Stricter EU regulations on the use of hazardous substances such as lead, cadmium and mercury, will significantly impact a number of industries, possibly including the use of mercury vapour UV curing lamps in industrial printing, bonding and coating processes.
The full implications of the regulations need further clarification, but in the meantime many businesses are ahead of the game and have successfully adopted alternative curing technology in the shape of UV curing lamps based on LEDs. It has to be said that this has not been necessarily to achieve compliance in the face of new regulations or adopt a more environmentally-responsible stance … but for the other processing, quality and economic benefits delivered by the newer technology.
Traditional mercury arc (aka broad spectrum) lamp technology has long provided a solution to curing UV materials, enabling fast cures and therefore high throughput. However, it is not without quirks – intensity degradation during the lifetime of the lamp needs process attention, warm-up periods mean that the lamps should not be switched on and off at will, and heat and infra-red emission (whilst useful for some cures) can limit use on heat sensitive substrates.
Legislation banning mercury has been clarified in the RoHS 2 directive. But there are numerous exclusions and exemptions including the use of mercury in certain applications when no equivalent alternative technology is available. The continued use of mercury arc lamps seems to be allowable, at least in the short term, although the situation is not clear, and the writing is definitely on the wall.
Back to LED-based UV curing systems then, which offer multiple benefits including longer lifetimes, more stable output intensity, cooler curing, zero warm-up time, and reduction in power consumption.

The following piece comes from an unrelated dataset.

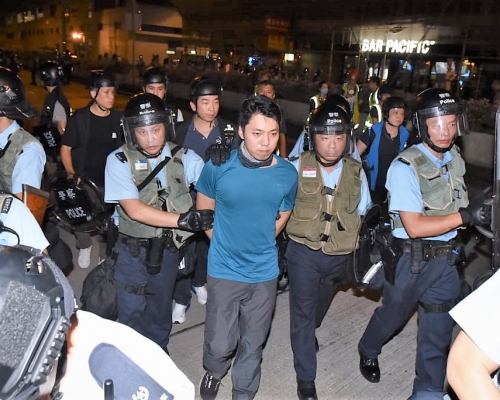 沙田區議員黃學禮涉襲警被捕。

The transition from broad spectrum mercury arc to LED requires more than investing in new equipment. LED-based UV curing lamps have narrow spectral outputs, and most existing light cure materials have been formulated to cure with the broad spectrum output of mercury arc lamps. A re-evaluation of current materials with the new LED technology is recommended, to see if material performance is still acceptable under the new cure regime; alternatively, the latest UV cure materials have been formulated to cure with both broad spectrum and narrow spectrum technologies (they might be said to be “cure agnostic”).